How can two friends with different walking and cycling speeds cover 20 miles sharing just one bicycle between them and reach the destination at same time?

### The Puzzle

Two friends Arun and Bijen are to travel a distance of 20 miles starting at the same point at the same time. They have only one bicycle to share between them. They have agreed that one who rides the bicycle would drop it on the way and walk on while the other walking behind would reach the bicycle and starts riding it.

None of them would waste even a second on the way. Arun walks at the speed of 4 miles/hr but rides at the speed of 10 miles/hr, while Bijen walks at the speed of 5 miles/hr and rides at the speed of 8 miles/hr.

Can you devise an ingenious scheme by which the two friends would reach the 20 mile point at the same time?

**Recommended time to solve:** 20 minutes.

**Hint:** Think simply.

### Solution to the Sharing a bicycle puzzle

True.
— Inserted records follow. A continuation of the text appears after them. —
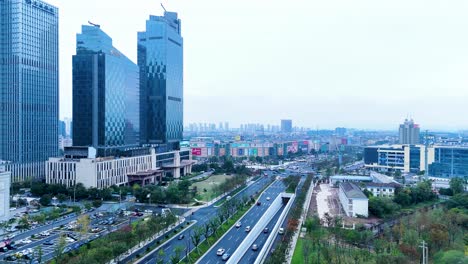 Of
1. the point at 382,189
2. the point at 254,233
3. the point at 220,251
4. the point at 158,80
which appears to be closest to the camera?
the point at 220,251

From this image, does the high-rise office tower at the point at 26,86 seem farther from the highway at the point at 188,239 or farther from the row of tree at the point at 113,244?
the row of tree at the point at 113,244

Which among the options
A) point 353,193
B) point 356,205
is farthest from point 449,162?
point 356,205

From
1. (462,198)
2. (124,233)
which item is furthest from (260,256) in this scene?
(462,198)

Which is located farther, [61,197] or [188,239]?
[61,197]

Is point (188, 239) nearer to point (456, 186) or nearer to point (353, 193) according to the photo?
point (353, 193)

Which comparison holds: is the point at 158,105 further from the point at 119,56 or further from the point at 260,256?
the point at 260,256

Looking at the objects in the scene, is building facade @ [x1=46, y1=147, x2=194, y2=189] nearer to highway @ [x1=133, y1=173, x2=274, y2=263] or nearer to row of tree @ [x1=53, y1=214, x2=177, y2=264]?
highway @ [x1=133, y1=173, x2=274, y2=263] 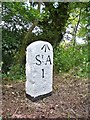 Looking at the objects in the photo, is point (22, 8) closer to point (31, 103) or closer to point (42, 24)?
point (42, 24)

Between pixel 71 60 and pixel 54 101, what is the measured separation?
0.91ft

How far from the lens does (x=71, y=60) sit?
5.08ft

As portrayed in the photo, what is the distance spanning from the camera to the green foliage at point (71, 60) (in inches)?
60.1

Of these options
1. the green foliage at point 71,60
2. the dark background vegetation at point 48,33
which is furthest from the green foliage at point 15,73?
the green foliage at point 71,60

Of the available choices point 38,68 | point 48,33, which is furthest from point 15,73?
point 48,33

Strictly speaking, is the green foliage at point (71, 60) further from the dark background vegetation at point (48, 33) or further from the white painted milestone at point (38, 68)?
the white painted milestone at point (38, 68)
We'll move directly to the heart of the puzzle and explore the relations between the travel times of the two friends. **Time is the most important parameter** in the puzzle because it's stated that both will take the same time to cover 20 miles.

This fact determines values of other parameters.
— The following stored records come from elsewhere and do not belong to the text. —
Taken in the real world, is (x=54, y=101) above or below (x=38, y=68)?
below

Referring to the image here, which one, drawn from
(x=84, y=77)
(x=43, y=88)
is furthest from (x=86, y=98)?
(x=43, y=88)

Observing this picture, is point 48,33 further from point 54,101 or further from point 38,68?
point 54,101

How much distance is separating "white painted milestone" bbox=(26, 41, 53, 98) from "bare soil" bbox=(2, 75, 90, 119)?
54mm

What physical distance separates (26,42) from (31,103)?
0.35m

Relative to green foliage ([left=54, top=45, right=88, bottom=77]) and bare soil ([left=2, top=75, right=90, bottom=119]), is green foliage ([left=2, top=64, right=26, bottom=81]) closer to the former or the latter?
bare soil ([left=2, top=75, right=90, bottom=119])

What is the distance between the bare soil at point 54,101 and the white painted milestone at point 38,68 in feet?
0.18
To derive the time equation, let's assume in the simplest scenario, Arun travels distance X walking taking time TAW, and rest of the distance Y cycling taking time TAR. For Bijen time to cover distance X cycling be TBR and time to cover distance Y walking be TBW.

The following shows the schematic.

Arun starts walking first with Bijen starting on the cycle simultaneously. At a point distant X miles from the starting point, Bijen drops the cycle and starts walking the rest distance Y to the finishing point. Both reaches the destination at the same time.

As time T to travel a distance D equals D divided by Speed S, the times in hours would be,

TAW = X/4

TAR = Y/10

TBR = X/8, and,

TBW = Y/5.

But, TAW + TAR = X/4 + Y/10 = TBR + TBW = X/8 + Y/5,

Or, (X/4 - Y/5) = (X/8 - Y/10) = 1/2(X/4 - Y/5).

Math then ascertains that,

(X/4 - Y/5)=0,

Or, X/4 = Y/5,

Or, X/Y = 4/5.

Add 1 to both sides,

(X + Y)/Y = 9/5,

Or, 20/Y = 9/5.

So finally a breakthrough result,

Y= 100/9 miles, and,

X = 80/9 miles.

Success so soon! If Arun walks first with Bijen riding the cycle, at a distance of 80/9 miles Bijen would leave the Cycle behind and start walking. Reaching this **exchange point** Arun would use the cycle to cover the rest 100/9 miles and reach the end point simultaneously with Bijen.

This is the first solution that has been forced by the conditions that the two friends would share a single cycle between them and they would reach the end point at the same time.

But in addition to these necessary conditions, the critical element has been the **ratio 4/5 of both pair of speeds.**

**Because of this equality of the ratio only** we could derive the breakthrough relation, X/Y = 4/5 and then determine the value of X and Y.

**Question is:** Can there be any solution other than this solution **with a single cycle exchange point?**

As an answer we would tell you to divide X into four equal parts each 20/9 miles long and divide Y into five equal parts each also 20/9 miles long. Effectively, you would divide then the whole 20 miles into 9 equal parts.

Now with Arun first riding the segment 1, he will again ride on alternate segment 3, 5, 7 and 9, a total of 5 segments of total length 100/9 miles and walk the rest 80/9 miles in four segments.

When Arun rides Bijen walks.

So in this scheme Bijen will walk 100/9 miles and will ride 80/9 miles.

Portion that Arun and Bijen walk as well as ride are exactly same as before, only difference being Arun starts riding first as if reversing the first solution from the end point.

This equivalence of the new scheme with the first successful scheme would ascertain that again both friends would reach destination at the same time.

Following shows the schematic for this second solution.

Again we would raise the same question: can there be any more solution?

In fact there would be infinite more solutions.

Just divide each 20/9 miles long segment into nine other segments and you would get the third solution.

And so on.

But that is theoretical. Practically the third solution onward would have segment length too small to be called feasible ones.